Aim The aim of this study was to investigate public awareness and the attitude of delayed language development (DLD) in children in Sohag, Upper Egypt.
Patients and methods The Phoniatric Unit at Sohag University Hospital receives a considerable number of belated cases of children with DLD. No Egyptian surveys were found collecting information about public awareness and knowledge of DLD and speech–language pathology services. A cross-sectional survey was done of both male and female participants who were asked to fill in a questionnaire. The questionnaire contains participant’s demographic information, eight closed-ended questions, and one open-ended question, addressing their knowledge and attitudes toward DLD.
Results The questionnaire was introduced to 1500 questionnaires (1380 have returned; 92% response). Good awareness of DLD in children was recognized in 74.49% of the study group. The age of 2 years was thought to be the most suitable age to seek medical advice for children with DLD in 48.84% of the study group. Some occupations such as teachers did not value early intervention of language delay. Language therapy was thought to be the best way to treat DLD in 68.7% of the study group.
Conclusion There is limited awareness of the value of early language learning and the best treatment of DLD. Awareness should be raised and changing the attitude of individuals in some occupations, especially teachers, toward DLD should be addressed.

Keywords: attitude, awareness, delayed language development, upper Egypt


How to cite this article:
Mostafa E, Ahmed ME. Public awareness of delayed language development in Upper Egypt.

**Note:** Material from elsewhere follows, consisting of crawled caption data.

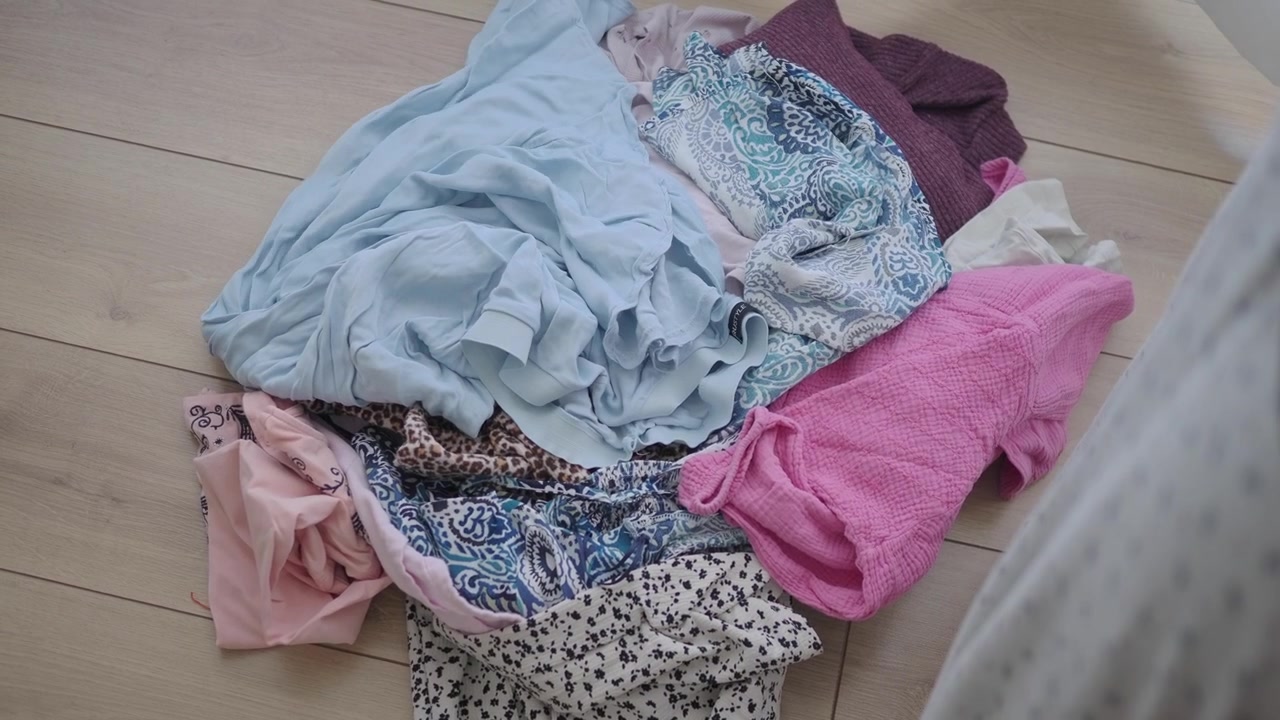 Person Dropping Light Blue Clothing onto a Pile of Laundry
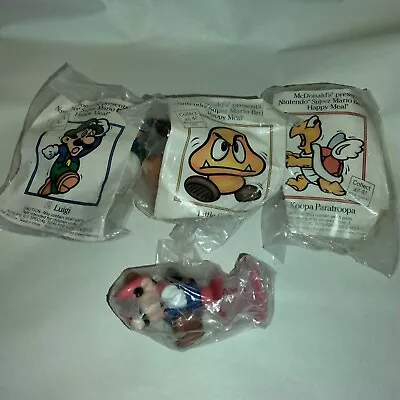 Vintage McDonalds Happy Meal Super Mario Bros Set Of 4 New Worn Open Packages • $16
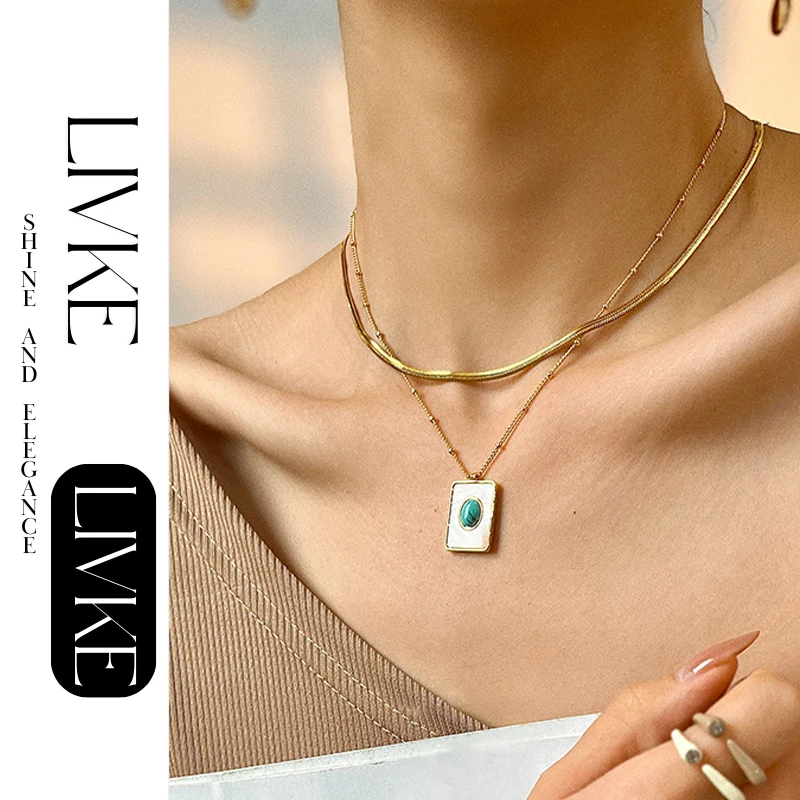 LIVKE’s gold snake chain necklace with shell and turquoise pendant, layered with beaded bracelets for boho summer style.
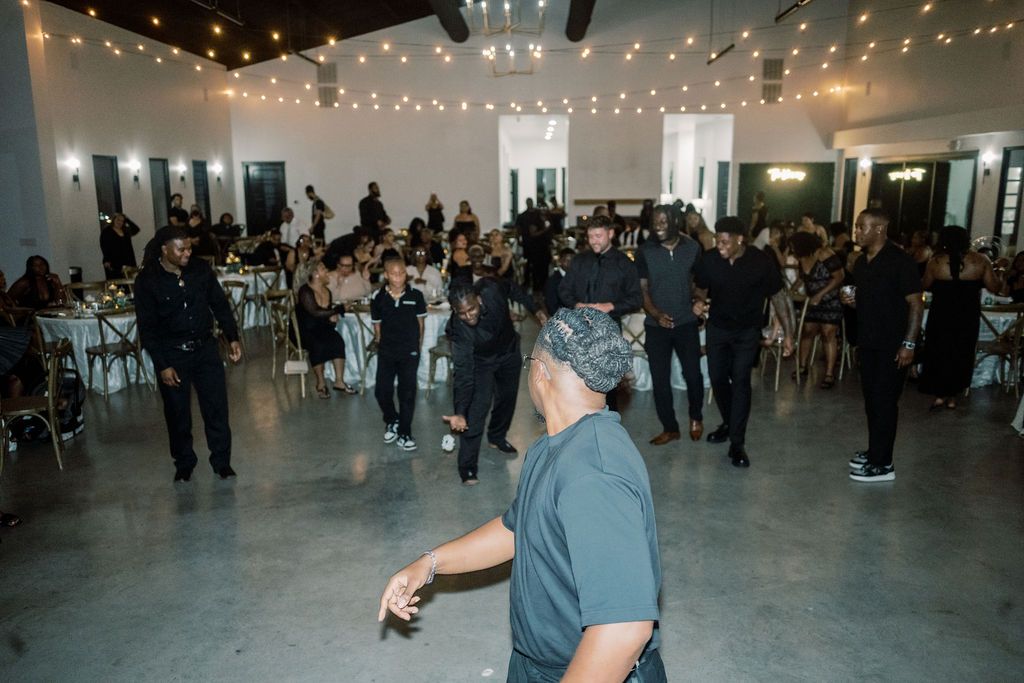 Guests gather in an elegant event hall with string lights and white chairs during a lively indoor celebration.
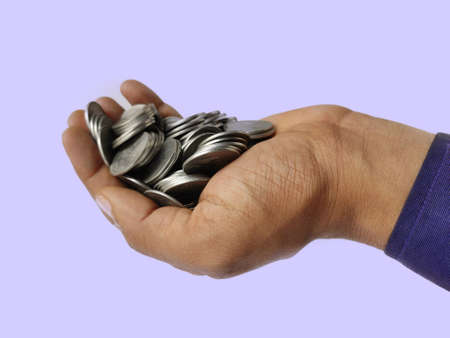 Silver coins in hand side view on blue backgroundの写真素材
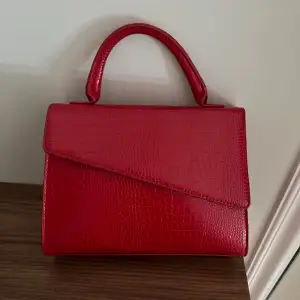 En röd handväska i skinn. Medföljer ett justerbart axelband. 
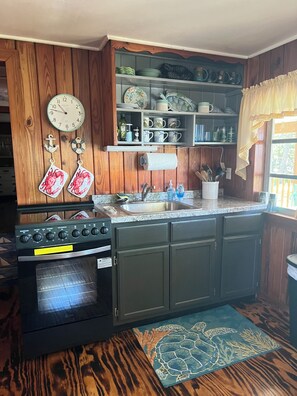 Fridge, microwave, oven, stovetop - The Bonaire Cottage~ Private Dock!!! ~ Rustic Fun Waterfront Cottage!!!  (Cedar Key)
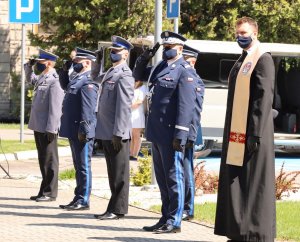 Umundurowani policjanci stojący w kilku szeregach. Obok stoi ksiądz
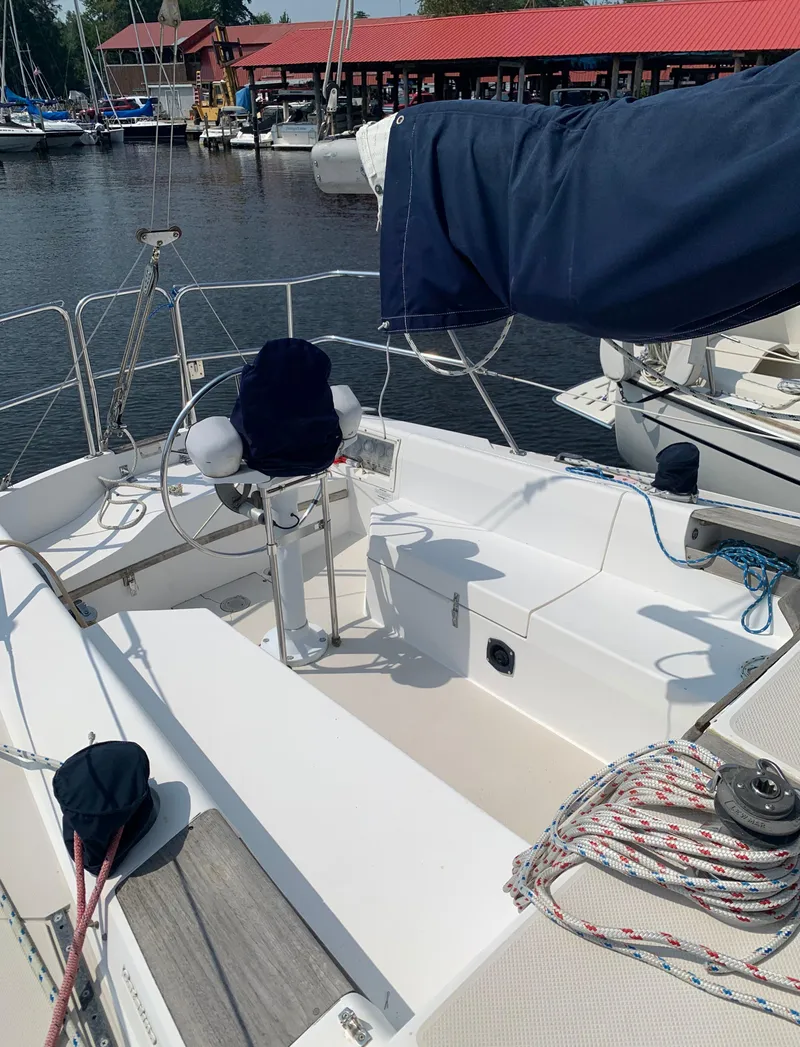 Slide: The Image of 1987 Catalina 30 Tall-Rig sailboat cockpit with marina background. - 8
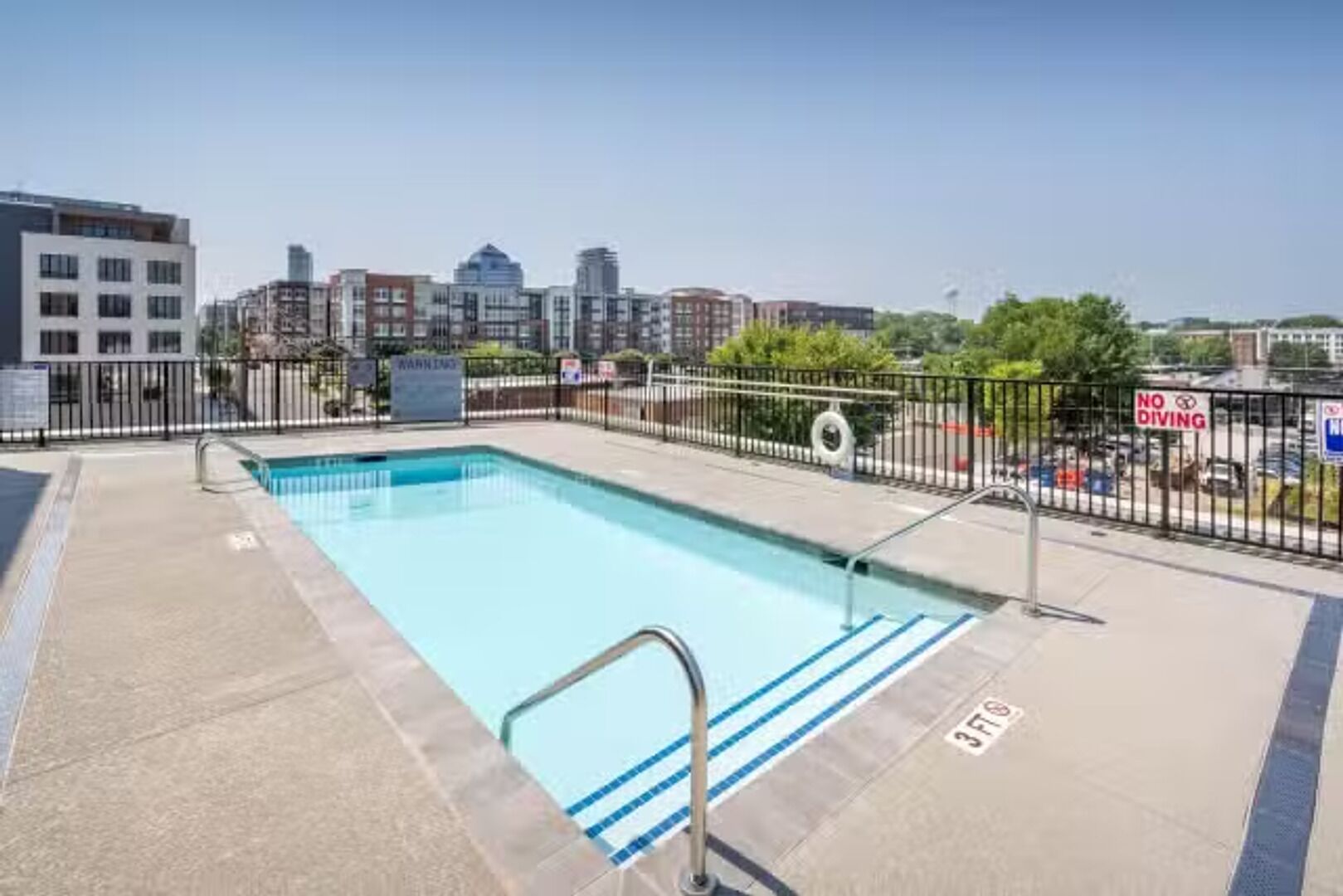 A rooftop pool with a city view, surrounded by a metal fence, and a 'No Diving' sign.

Egypt J Otolaryngol 2018;34:94-102

How to cite this URL:
Mostafa E, Ahmed ME. Public awareness of delayed language development in Upper Egypt. Egypt J Otolaryngol [serial online] 2018 [cited 2018 Jul 16];34:94-102. Available from: http://www.ejo.eg.net/text.asp?2018/34/1/94/225161




  Introduction Top


Improved communication skills lead to higher standards, improved behavior, greater confidence, and better learning [1]. Delayed language development (DLD) affects about 5–10% of children [2]. Language problems are the result of mental retardation, physical handicaps, hearing loss, neurological problems, or environmental deprivations [3]. It has serious sequelae into adulthood in terms of educational, social, and emotional development [4]. Early identification and early intervention for those children who receive timely and appropriate services offer the best chances of improvement and markedly better quality of life [5],[6]. Language delay can usually be identified at the age of 24 months [7],[8]. Communication development in the early years is closely linked to and dependent upon the input and stimulation received from primary caregivers. The disturbed interactions between the caregiver and child place the infant at risk for a communication disorder [9]. Hence, they play an important role in the early identification of language disorders.

Killamey and Lass [10] used a telephone survey to discover what a rural population in West Virginia, America, knew about the work, location, and education of speech–language pathologists (SLPs). They concluded that there was a strong need for increased awareness about speech–language therapy as some of the participants (58%) were not aware of such services and their availability to them. In addition, UK-based surveys were conducted and revealed limited public awareness of speech–language pathology [11],[12]. One may argue that limited awareness could be attributed to poor means of communications and technology at that period of time in which those surveys were conducted. Nowadays, the media plays an important role in acquiring information and knowledge. Nevertheless, American Speech-Hearing Association (ASHA) [13] surveyed SLP and audiologist members of ASHA and results indicated that almost half of ASHA members suggested lack of awareness as the most important barrier to early detection of communication disorders.

Statistical levels of public awareness and knowledge of speech–language pathology and of communication disorders such as DLD are currently unknown in Egypt, including Sohag. No Egyptian surveys were found collecting information about public awareness and knowledge of DLD and speech–language pathology services. One survey by Mahmoud et al. [14] in Amman, Jordan, which investigated the public awareness of speech–language pathology and the knowledge of communication disorders in 1203 participants, revealed limited public awareness. Poor public awareness could be because of unavailable speech–language therapy services, inadequate funding, and poor public empathy for people with communication difficulties. The aim of this study was to conduct a cross-sectional survey, the first of this type in the region, to understand how this problem is perceived by the public and the effects of these perceptions on their attitude toward DLD.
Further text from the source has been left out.